The study should also analyze the choices to be made over the next six months concerning peace negotiations in the Middle East. Positions to be taken in high-level consultations with European, Soviet, and Middle Eastern leaders should be considered. In particular, the following topics should be addressed:

  • Policy on the reconvening of the Geneva Conference.3 Positions of the various parties should be reviewed, with an assessment of the prospects for serious negotiations beginning this year. Alternatives to Geneva should be explored.
  • Policy on the Palestinians. Analyze the options for handling the question of Palestinian representation in the peace settlement process, including the question of U.S. contact with the Palestine Liberation Organization.4
  • Timing of any new initiative. Considering the Israeli internal situation, inter-Arab politics, and Saudi restraint on oil prices, analyse the optimal timing for a new U.S. diplomatic initiative aimed at promoting a settlement.
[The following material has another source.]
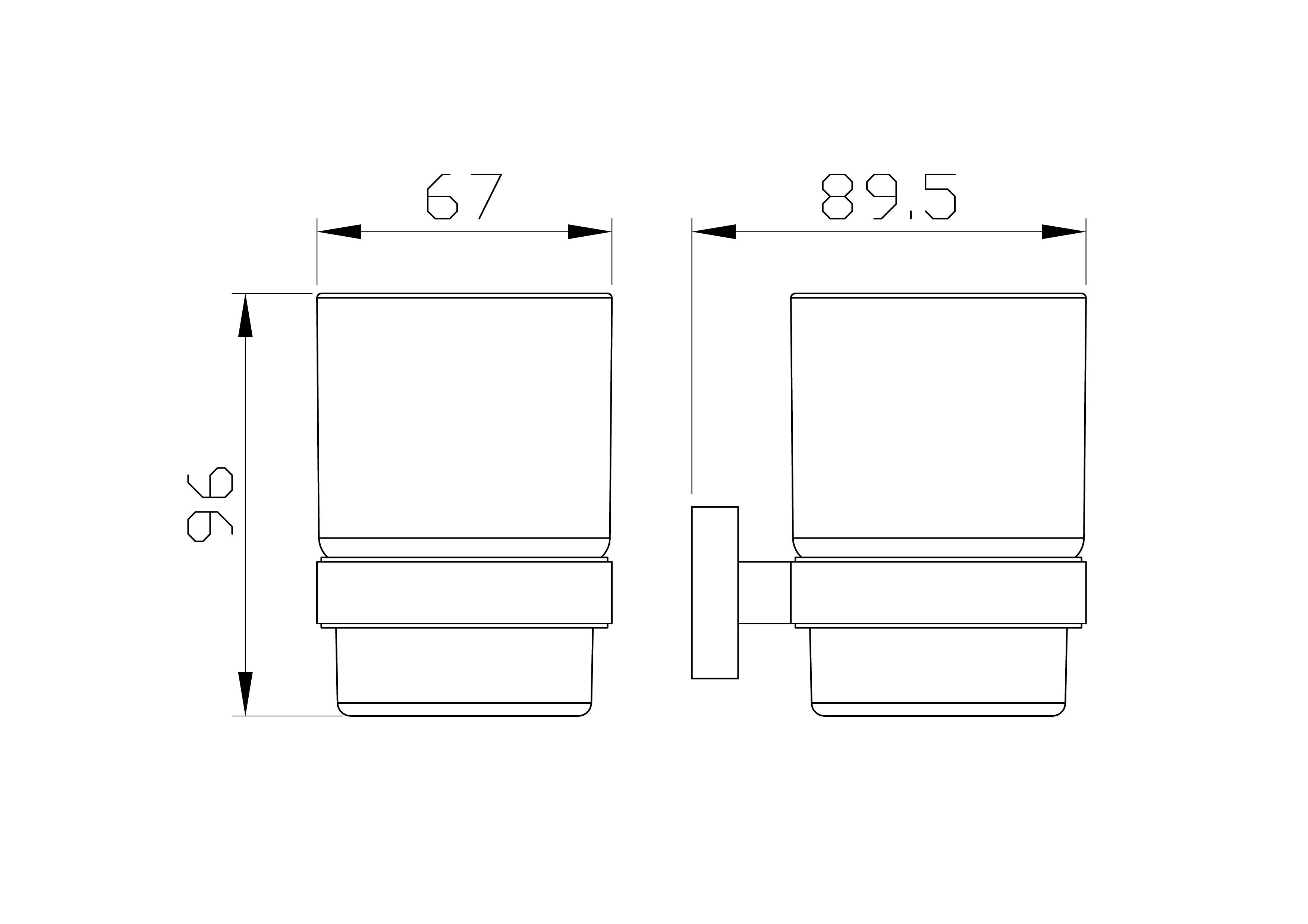 Стакан для зубных щеток с держателем WONZON & WOGHAND GRAFFITY, Брашированное золото (WW-9321-BG) - Gidratop.ru изображение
The review should be no more than 20 pages in length. It should be submitted to the Policy Review Committee by January 31, 1977.

Zbigniew Brzezinski
  1. Source: Carter Library, National Security Affairs, Staff Material, Middle East File, Subject File, Box 6, Boycott: 1/77. Secret.
  2. The Arab League declared a boycott on December 2, 1945, prohibiting trade between Arab countries and Israel. By 1948, this boycott had evolved into three components: a continuation of the primary boycott established in 1945, a boycott of any companies that operated in Israel, and a boycott of those companies that had relationships with companies that operated in Israel.
  3. The Geneva Conference first convened on December 21, 1973, in Geneva, Switzerland under the co-chairmanship of the United States and Soviet Union. Foreign Ministers from Israel, Egypt, and Jordan attended the conference in an attempt to implement U.N. Resolution 338, which called for negotiations among Israel, Egypt, Jordan, and Syria “aimed at establishing a just and durable peace in the Middle East.” Syria chose not to attend because the United States and Israel refused to recognize the PLO as the representative body for the Palestinians at the conference since the PLO refused to recognize Israel’s right to exist. The Foreign Ministers left Geneva by December 29 with the stated intention to reconvene at a future date, but this never occurred. See Foreign Relations, 1969–1976, vol. XXV, Arab-Israeli Crisis and War, 1973, Document 415.
  4. U.S. official policy precluded contact with the PLO based on the PLO’s refusal to recognize Israel’s right to exist. However, some contact had been made by the Nixon administration, most recently in March 1974. See Foreign Relations, 1969–1976, vol. XXVI, Arab-Israeli Dispute, 1974–1976, Document 30.